PROBLEM DETAILS |
Please repeat word for word the line containing "Clevis Hanger &Riser Clamp" and every following line up to and including the last one below, pictures excluded.

DATA BELOW |
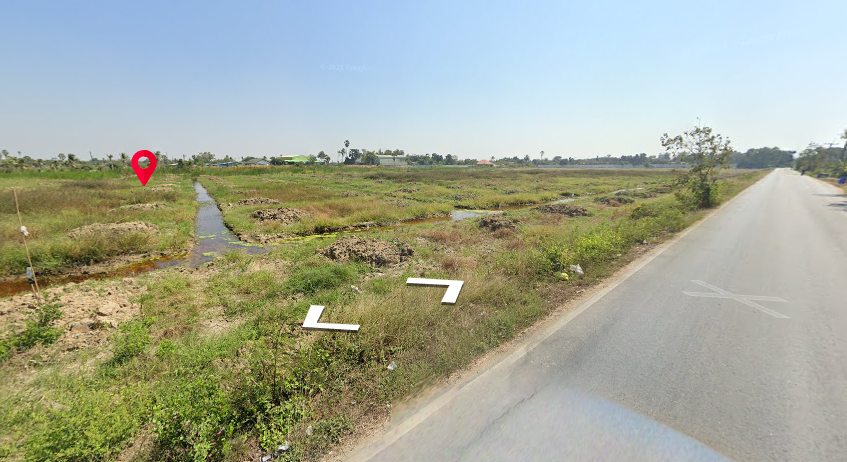 ที่ดินนครปฐม นครชัยศรี 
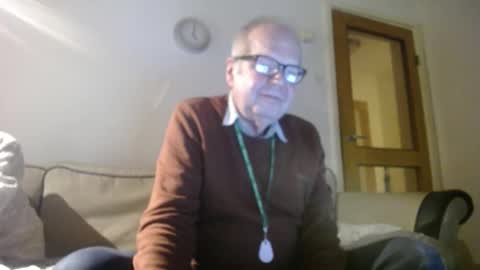 freespirt59 online show from January 28, 3:57 pm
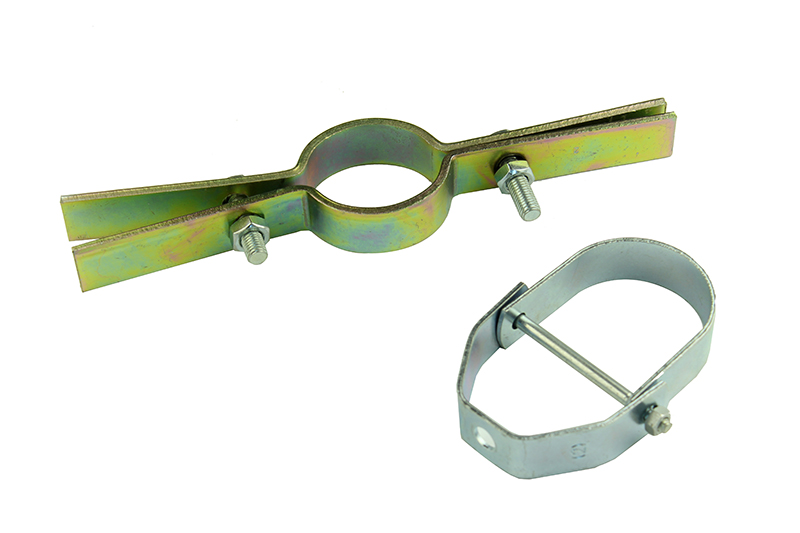 Clevis Hanger &Riser Clamp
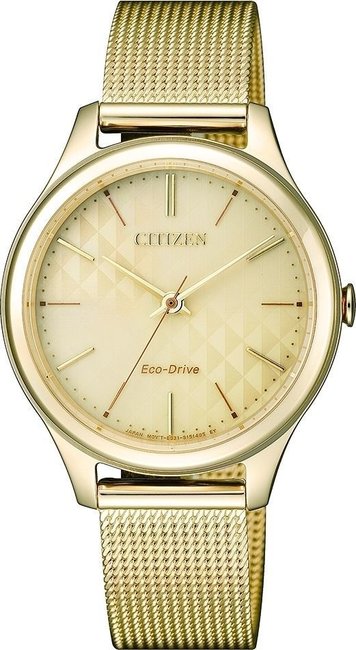 Citizen Lady EM0502-86P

ANSWER |
 Clevis Hanger &Riser Clamp
 Citizen Lady EM0502-86P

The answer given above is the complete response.